> **DATA EXTRACT**:
# # #

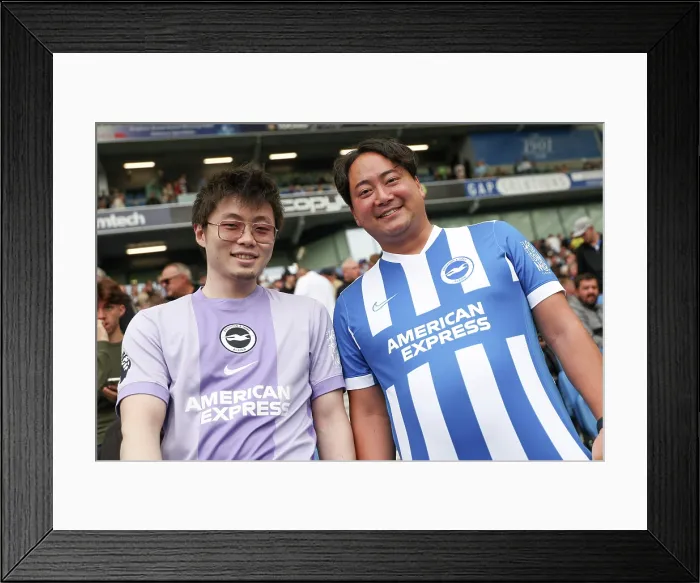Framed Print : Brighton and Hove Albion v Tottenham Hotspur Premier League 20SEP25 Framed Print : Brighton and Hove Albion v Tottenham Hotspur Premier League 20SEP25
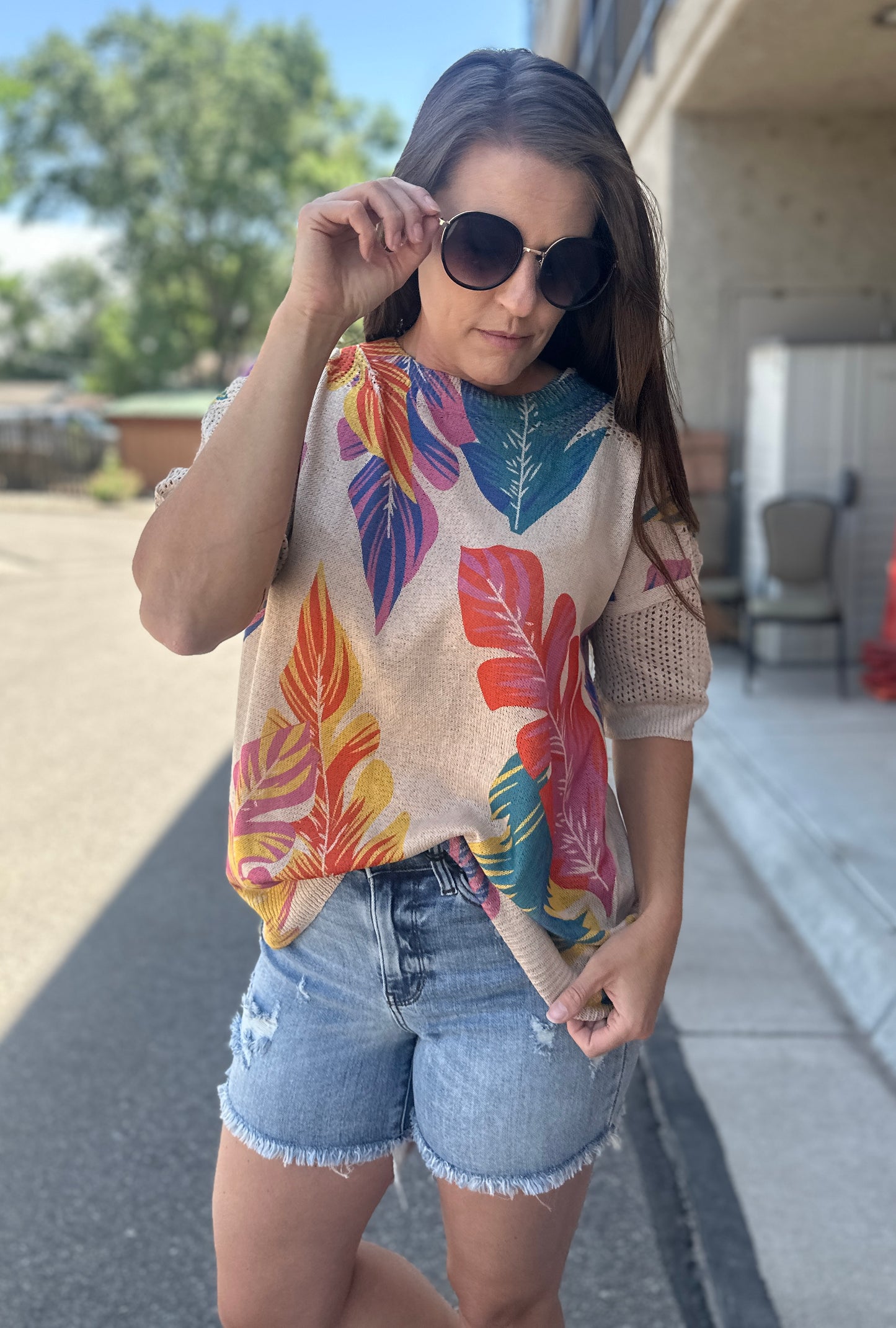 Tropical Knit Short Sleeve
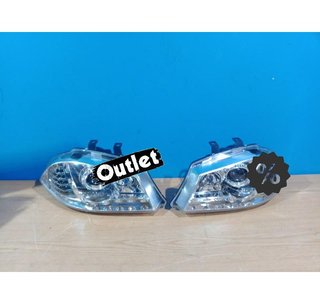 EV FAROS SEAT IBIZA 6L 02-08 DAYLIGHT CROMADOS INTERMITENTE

# # #

> **TASK TO COMPLETE**: Drop the images, then copy the data exactly.

> **ANSWER FOR THE TASK**:
Framed Print : Brighton and Hove Albion v Tottenham Hotspur Premier League 20SEP25 Framed Print : Brighton and Hove Albion v Tottenham Hotspur Premier League 20SEP25
 Tropical Knit Short Sleeve
 EV FAROS SEAT IBIZA 6L 02-08 DAYLIGHT CROMADOS INTERMITENTE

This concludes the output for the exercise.